Try it: Take the line that contains "Young beautiful blonde" and each line after it to the end of the material below, and return them exactly, minus the pictures.

Data segment:
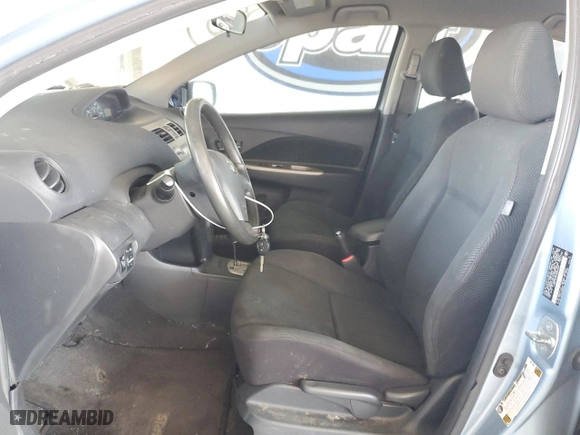 2009 Toyota Yaris with VIN JTDBT903994053624, listed as a Copart auction lot 53906565 with 227,211 mi miles and Salvage Title. Bid and sale history available at carsss.com. Image 7.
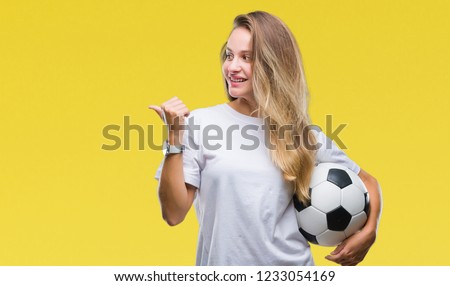 Young beautiful blonde woman holding soccer ball over isolated background pointing and showing with thumb up to the side with happy face smiling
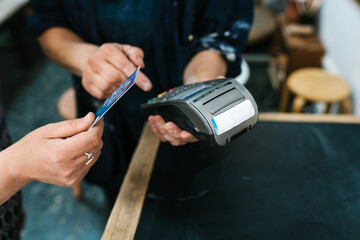 Anonymous hand of a woman paying with credit card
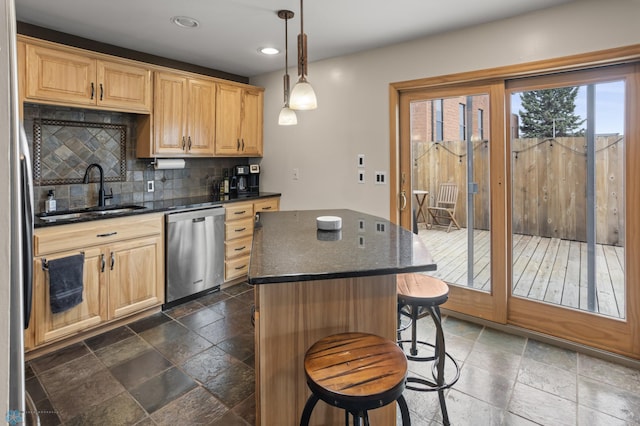 kitchen with stainless steel appliances, a sink, stone tile floors, decorative backsplash, and a breakfast bar area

Result of the exercise:
 Young beautiful blonde woman holding soccer ball over isolated background pointing and showing with thumb up to the side with happy face smiling
 Anonymous hand of a woman paying with credit card
 kitchen with stainless steel appliances, a sink, stone tile floors, decorative backsplash, and a breakfast bar area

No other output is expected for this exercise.